Dès les temps quaternaires, les hommes de Cro-Magnon s’étaient vu disputer le sol par des individus d’un type physique différent : des brachycéphales essayèrent de se substituer aux dolichocéphales. Sur plus d’un point, des croisements eurent lieu, et de ces alliances résulta un type intermédiaire. Ce fut surtout au début de notre époque géologique que nos chasseurs de la Vézère eurent à soutenir de redoutables luttes. Des envahisseurs, appartenant à ce type qu’on a appelé dolichocéphale néolithique, arrivaient en grand nombre ; ils finirent par s’établir dans les régions qu’occupait précédemment la race de Cro-Magnon.
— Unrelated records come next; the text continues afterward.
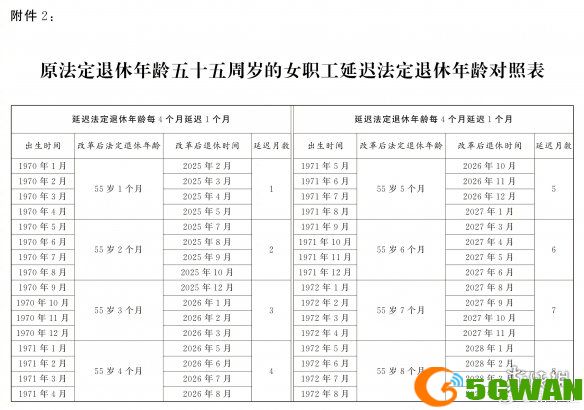 游侠网6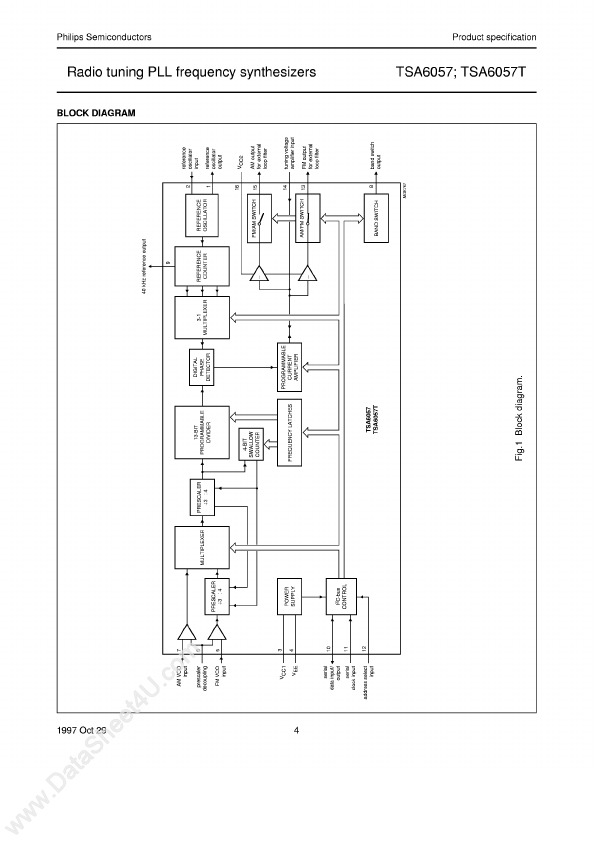 TSA6057T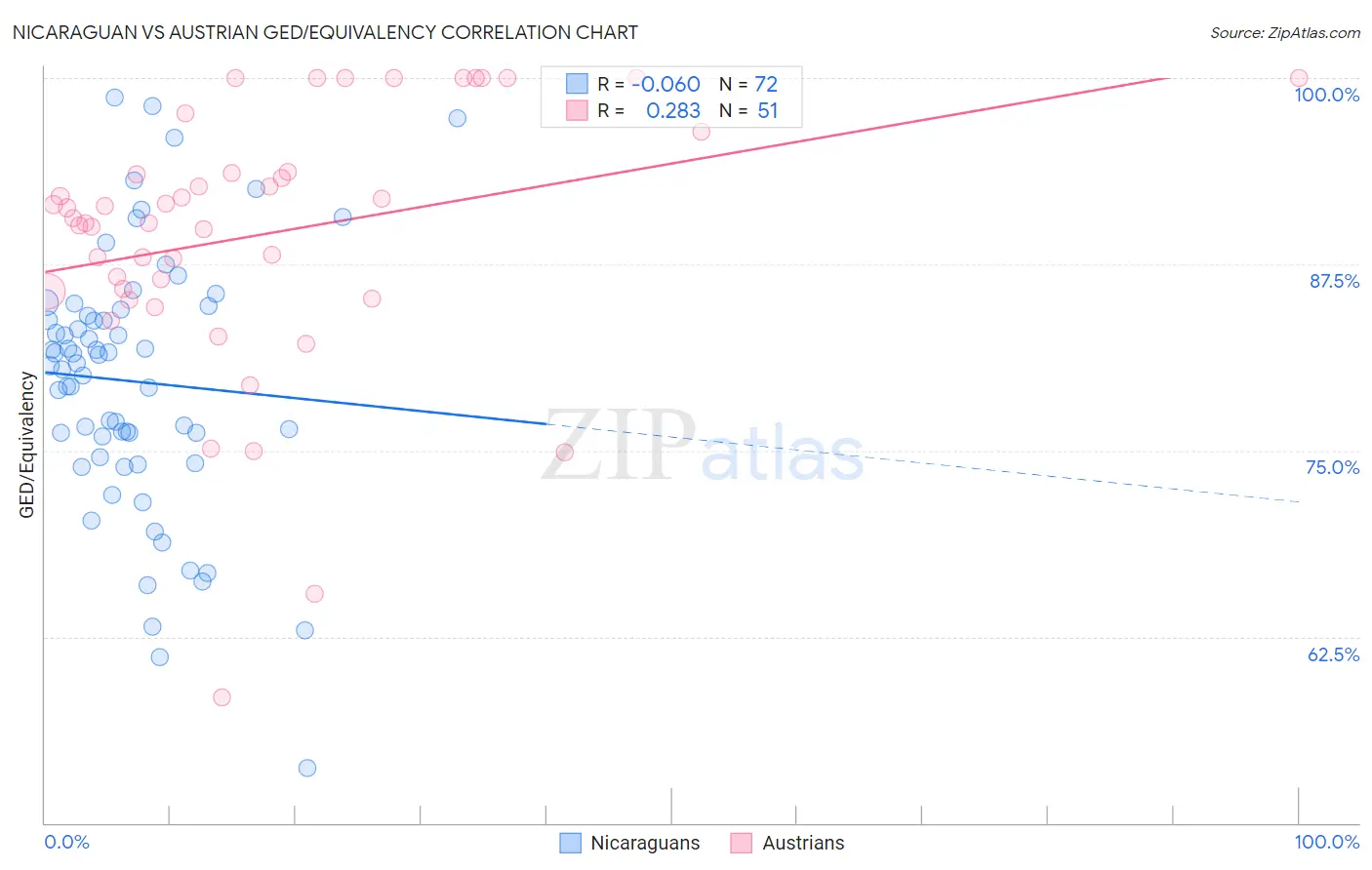 Nicaraguan vs Austrian GED/Equivalency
Mais qu’était devenue cette race ? Avait-elle été exterminée par les nouveaux venus ? Nous pouvons hardiment répondre non. À l’époque de la pierre polie, elle comptait encore, chez nous, un bon nombre de représentants dont nous trouvons les restes dans les stations de cette époque. Dans la plupart des cas, leur type dénote un métissage : ils s’étaient alliés aux envahisseurs. Sur quelques points, cependant, à Sorde, par exemple, dans les Pyrénées, la race avait persisté à l’état de pureté : elle s’était évidemment trouvée là dans des conditions d’isolement qui lui avaient permis de conserver, sans altération sensible, les caractères de ses ancêtres quaternaires. La race de Cro-Magnon a si peu disparu à la fin de l’époque glaciaire qu’on en a retrouvé des représentants non seulement dans beaucoup de stations néolithiques, comme nous venons de le voir, mais encore dans des sépultures gauloises (Piette), et que, de temps à autre, nous retrouvons ce type chez nos populations modernes[3].
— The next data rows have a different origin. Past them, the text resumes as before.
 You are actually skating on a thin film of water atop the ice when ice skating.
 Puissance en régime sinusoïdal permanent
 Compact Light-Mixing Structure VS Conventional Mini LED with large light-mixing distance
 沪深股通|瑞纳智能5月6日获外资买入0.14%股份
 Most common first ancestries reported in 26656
Il n’en est pas moins vrai que lorsque les hommes de la pierre polie sont arrivés chez nous, le nombre des individus du type de Cro-Magnon a diminué considérablement. Les luttes qu’eurent à soutenir les vieux habitants de notre sol n’ont pas été l’unique cause de cette diminution. Sans vouloir nier l’importance qu’il faut leur attribuer, nous pensons qu’elles n’ont pas été aussi meurtrières qu’on pourrait le supposer. La paix s’est faite entre les envahisseurs et les premiers occupants, et nous en avons la preuve dans les alliances que nous venons de signaler.

Une autre raison nous explique la diminution de la race de Cro-Magnon au début de notre époque géologique, ce sont ses migrations. Habitué à chasser des animaux qui émigraient alors dans diverses directions, gêné aussi, sans doute, par ces nouveaux venus qui lui disputaient ses ressources, l’homme de Cro-Magnon a cherché d’autres territoires. Il est possible qu’il ait suivi plusieurs voies ; les documents dont nous disposons actuellement ne nous permettent pas de faire l’histoire complète de ces migrations, et, d’ailleurs, il n’en est qu’une qui nous intéresse pour le moment, c’est celle qui s’est dirigée vers le sud. Nous espérons la mettre hors de doute.

  1. A. de Quatrefages, l’Espèce humaine. Paris, 1877.
  2. A. de Quatrefages, op. cit.
  3. Voir, à ce sujet, l’Espèce humaine, par M. de Quatrefages ; les Crania ethnica, par MM. de Quatrefages et Hamy, et les deux notes que nous avons publiées, l’une Sur deux crânes modernes du type de Cro-Magnon (Bull. Soc. anthrop., 1876), l’autre sur la Race de Cro-Magnon, ses migrations, ses descendants (Revue d’anthropologie, t. Ier, 3e série, 1886).